Sunday, November 2, 2014

Brown vs. Board of Education

Quotes:

While exploring the website Brown vs. the Board of Education and reading the article Separate and Unequal by Bob Herbert, the culture of power has never seemed so prevalent in history and in life today. Before Brown vs. the Board of Education the states in the south "created a dual educational system based on race. These separate schools were anything but equal." After Brown vs. the Board of Education students were able to get the same education in the same classroom. In the video Between Barack and a Hard Place with Tim Wise, he talks about how "we are no where near a post racial America" and this can be seen in the classroom. Herbert wrote, "Schools are no longer legally segregated, but because of residential patterns, housing discrimination, economic disparities and long-held custom, they most emphatically are in reality." In my elementary school most of the students were white and most elementary schools in Coventry were dominantly white. At Kennedy Elementary school, where I volunteer, most of the students are not white and are of a different race or ethnicity. In Providence, a lot of schools are this way, and it seems like these schools are still segregated because of the "economic disparities" that households experience. 

Jackie Robinson integrated into MLB in 1947
The fight that allowed all students to learn together took many years and now today students are not as integrated as they should be. In Hebert's article, he mentioned a student that "showed that low-income students who happened to be enrolled in affluent elementary schools did much better than similarly low-income students in higher-poverty schools in the county." Diverse students who learn together tend to do better because the students who live in higher income families tend to have parents who work with them as young children. The students who don't have that connection tend to do better if they are with students who do.

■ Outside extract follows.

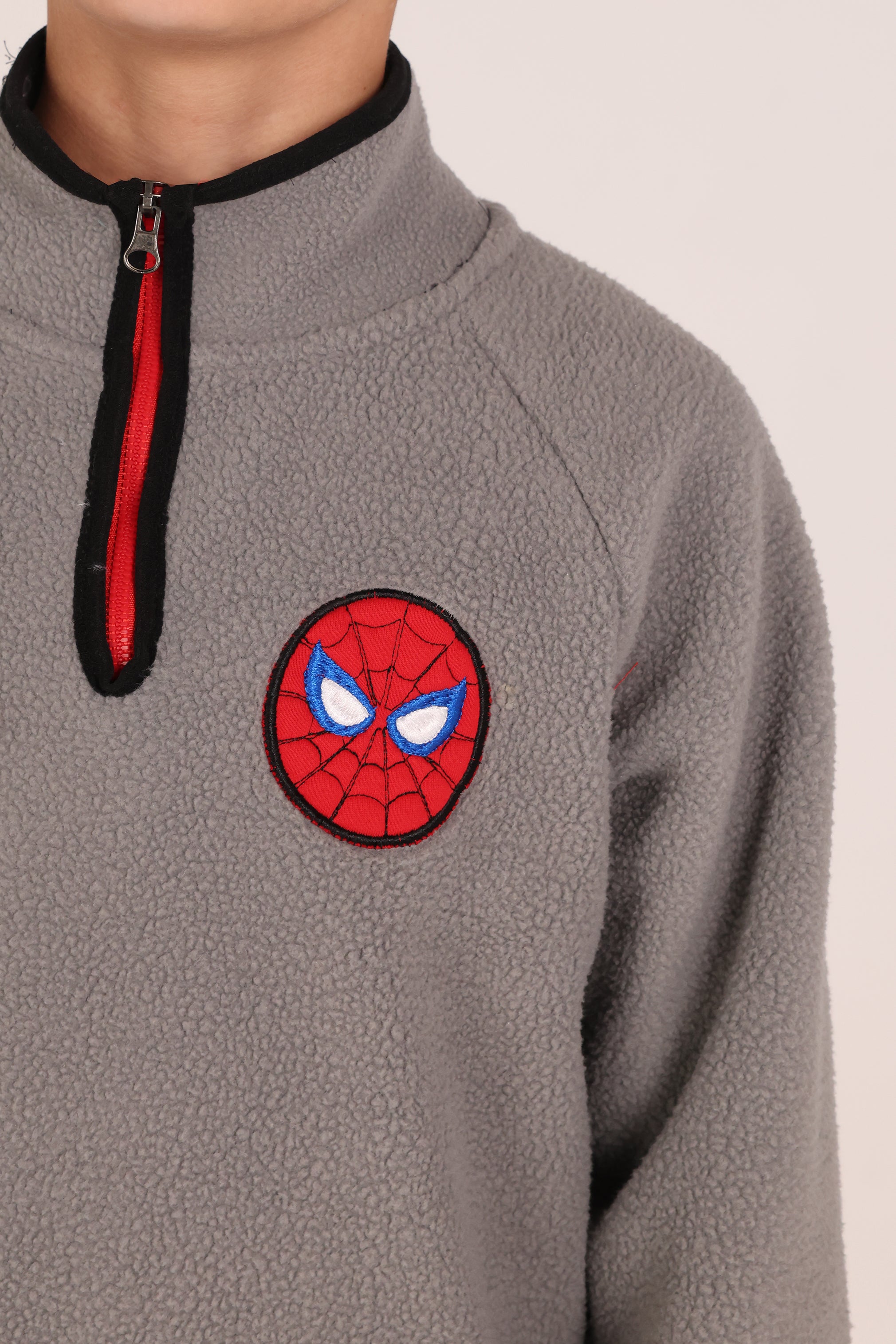 Spider Kids Fleece Sweatshirt – Grey Half Zip Winter Pullover for Boys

Tim Wise mentions in his video that some black students feel that in order to succeed they need to "excel in basketball and hip hop." We need to change society so that everyone has an equal opportunity. These students shouldn't have to feel they have to identify with that stereotype in order to succeed. I think Johnson's piece of saying the words applies here because most people still believe in stereotypes. Whites generally classify blacks as "less intelligent, more aggressive, prone to criminality, less hardworking and just want to live on welfare and not work." We need to realize that we are part of the problem of segregation that is still prevalent today, and we also need to see that we are the solution to fix it. 

Wise also mentions that because the United States has a black president, we feel that we are heading towards a better place where segregation and racism don't exist. Racism is "still evident" in today's society. He brought up a point that I never realized before and it was the fact that white people are asked if is racism still present and their answers were generally no. They are not part of the ones
being targeted. The people who feel they are the victims should be asked that question and he mentions that "people still remain ignorant." Brown vs. Board of Education, the Voting Rights Act, and the Civil Rights Act, all took a lot of work to pass and there is "still so much work that needs to be done. Denial about the problems hasn't changed."

It seems like today we are falling back into segregated schools and it is one big circle. There needs to be a change that allow a racially diverse population in every school. If there is no change or no action are we ever going to be anywhere near a post racial America?

Point to Share: I didn't know much about Brown vs. Board of Education and for a while I thought about schools being diverse because I had black, Hispanic and Asian students in my schools. After going to Kennedy Elementary school and reading Hebert's article, I can now see that schools are anything but diverse.